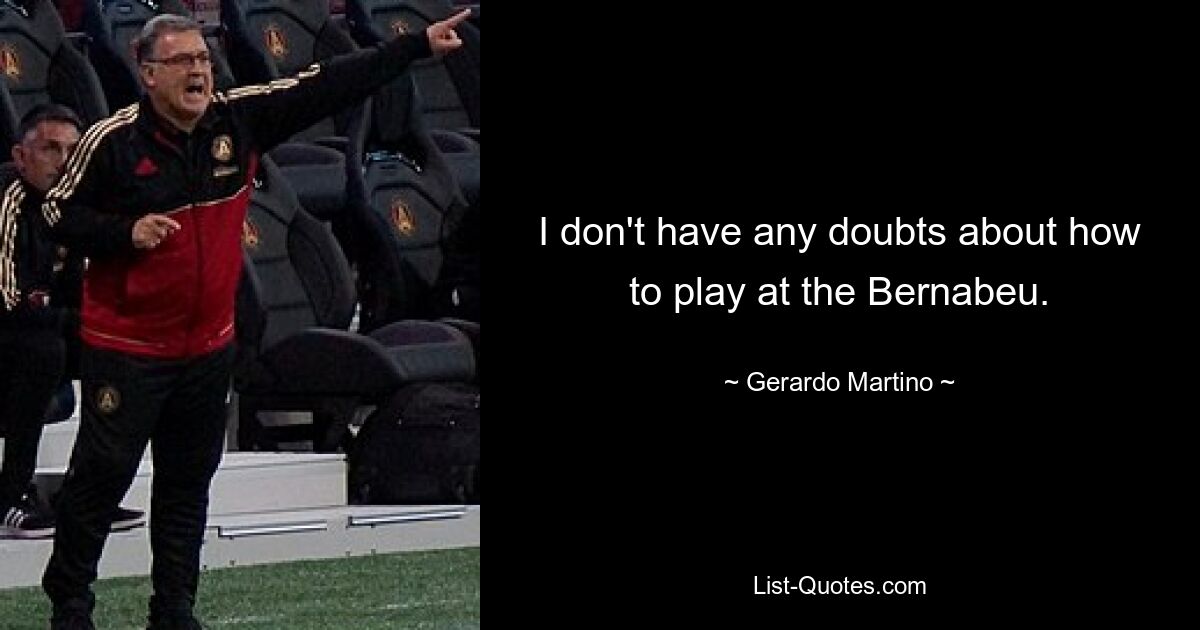 I don't have any doubts about how to play at the Bernabeu. — © Gerardo Martino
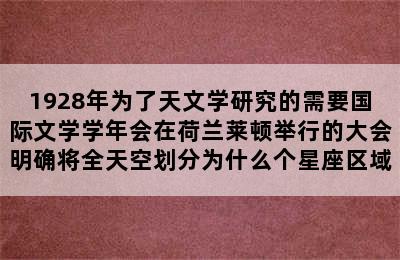 1928年为了天文学研究的需要国际文学学年会在荷兰莱顿举行的大会明确将全天空划分为什么个星座区域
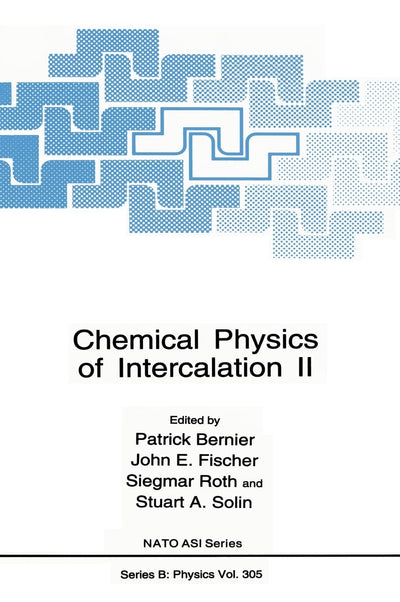 Chemical Physics of Intercalation II (NATO Science Series B: Physics)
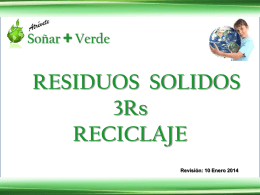 Residuos Solidos – 3Rs – Reciclar (Rev. 2014-01-10)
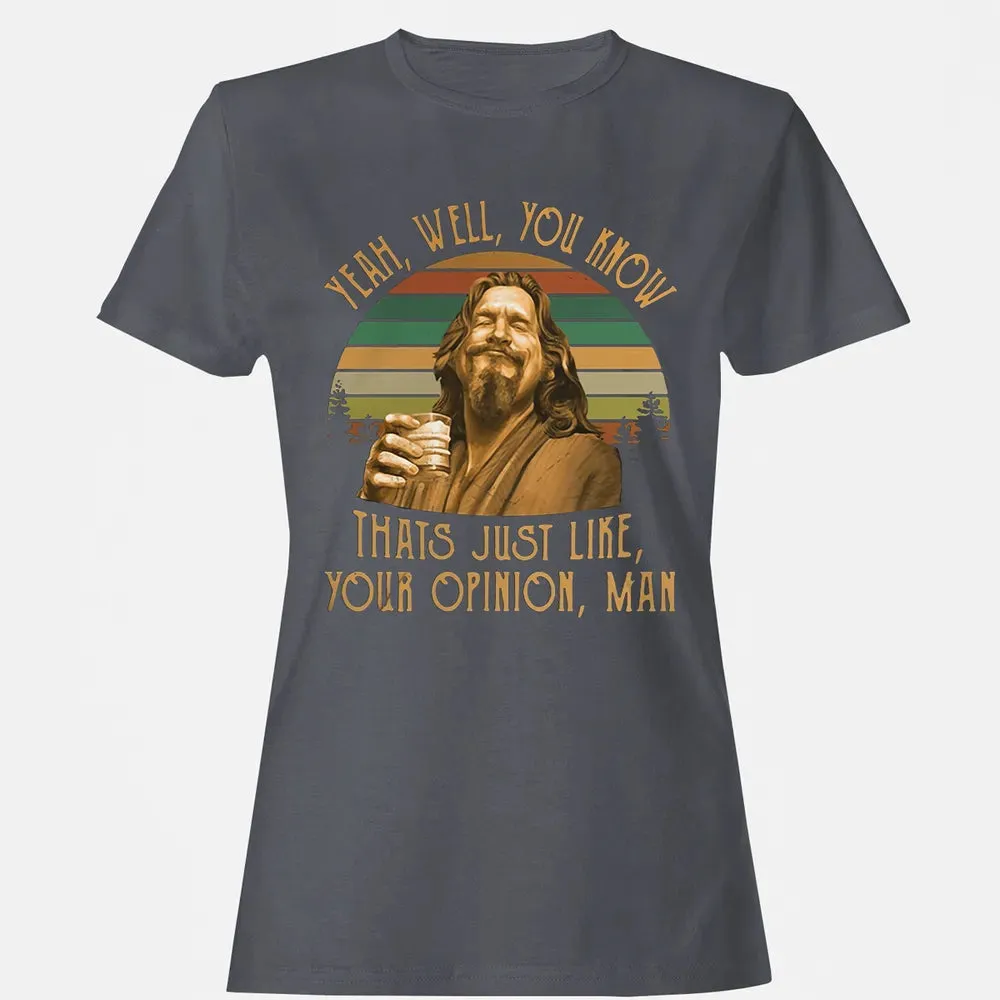 Yeah, Well, You know Women's T-shirt - 5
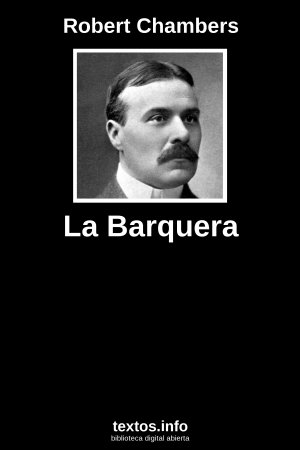 La Barquera, de Robert Chambers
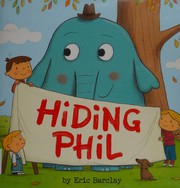 Cover of Hiding Phil by Eric Barclay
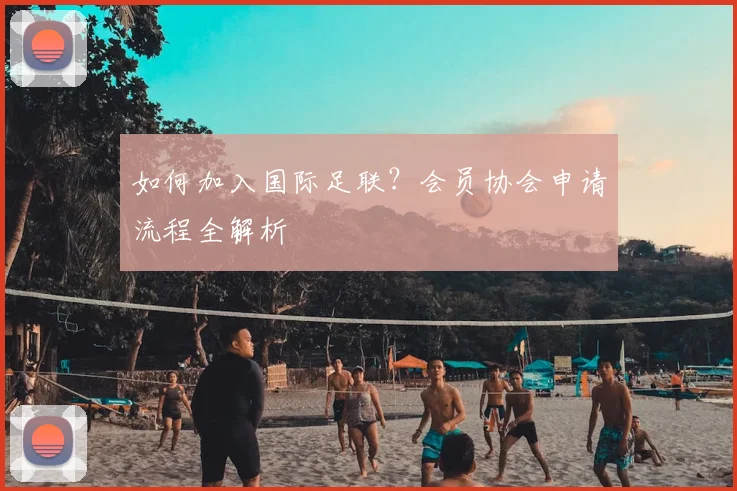 如何加入国际足联?会员协会申请流程全解析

───

Aim of the task: Beginning with the line that contains "La Barquera, de Robert Chambers", reproduce every line through the end of the records above exactly, leaving pictures out.

Your solution:
 La Barquera, de Robert Chambers
 Cover of Hiding Phil by Eric Barclay
 如何加入国际足联?会员协会申请流程全解析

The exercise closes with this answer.